The findings come shortly after the US Treasury’s Office of Foreign Assets Control (OFAC) sanctioned four Iranian exchanges, Nobitex, BitPin, Wallex, and Ramzinex, under Executive Orders 13224 and 13902.

TRM Maps CoinEx’s Expanding Iran Connections

According to the latest report by TRM Labs, the four exchanges represented roughly $7.7 billion, or 78%, of Iran’s estimated $10 billion in attributed crypto activity in 2025. Despite repeated enforcement actions, Iran’s annual crypto volumes have remained high. CoinEx, which was founded in 2017 by Haipo Yang and operated through entities in several jurisdictions, has processed more than $79 billion in trading volume.
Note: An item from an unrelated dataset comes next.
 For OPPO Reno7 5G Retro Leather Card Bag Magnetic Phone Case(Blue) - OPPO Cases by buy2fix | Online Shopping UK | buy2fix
The exchange has also faced regulatory actions in several countries. TRM’s findings reveal that CoinEx is the largest external counterparty of Iran’s biggest crypto exchange, Nobitex. Since late 2018, more than $2.7 billion has moved between the two platforms through roughly 6.2 million blockchain transfers, averaging about $1 million per day. Nobitex has sent around $360 million more to CoinEx than it received, which suggests that funds are consistently moving from Iran to international markets through CoinEx.

Activity between the two exchanges rose from about $13 million in 2020 to $575 million in 2021. After declining in 2022 and 2023, volumes recovered to $714 million in 2024 and $763 million in 2025. In fact, CoinEx accounted for over 16% of Nobitex’s yearly transaction activity.

TRM also identified direct links between CoinEx and more than 60 Iranian crypto businesses, including Wallex, Ramzinex, BitPin, Aban Tether, Excoino, Bit24, Ompfinex, Sarmayex, and Exir. The report said a similar share of transaction volumes was routed through CoinEx across multiple Iranian exchanges, along with the gradual onboarding of platforms over several years, which points to an organized relationship rather than independent market behavior.

The blockchain intelligence company further found that around $67 million originating from the Central Bank of Iran reached CoinEx through a complex laundering structure between June 2025 and June 2026. Funds reportedly moved through multiple blockchains, cross-chain bridges, Gnosis Safe contracts, and Aave tokens before eventually reaching CoinEx. The exchange also allegedly provided transaction fees that helped support these transfers.

ViaBTC, a mining pool operated by CoinEx’s parent company, was also closely tied to Iran. TRM traced more than $154 million between ViaBTC and Nobitex-linked wallets, and most transfers flowed from the mining pool to Iranian wallets. Following the 2025 cyberattack on Nobitex, previously inactive mining wallets transferred about $2.7 million to a new Nobitex wallet. ViaBTC also appeared in the transaction chain, which indicates that mining reserves were used to restore liquidity.

Conflict Altered Transaction Patterns

CoinEx’s exposure to wallets linked to the IRGC, Palestinian Islamic Jihad, Hezbollah, Garantex, Bitzlato, the CoinEx hack, BlackSuit ransomware, and the Wasabi mixing service was also found by TRM. Transaction patterns changed after the US-Iran-Israel conflict intensified in early 2026. Average transfer sizes increased sharply, and larger transactions became more common.

After OFAC sanctioned several Iranian exchanges earlier this month, transaction volumes between CoinEx and Iranian entities fell significantly, although the firm noted that private exchange accounts could still allow activity to continue outside public blockchain visibility.

Meanwhile, CoinEx denied having any relationship with the Iranian government or sanctioned entities and said it has never provided funding or support to them. The exchange further asserted that blockchain transactions do not prove involvement in illegal activity.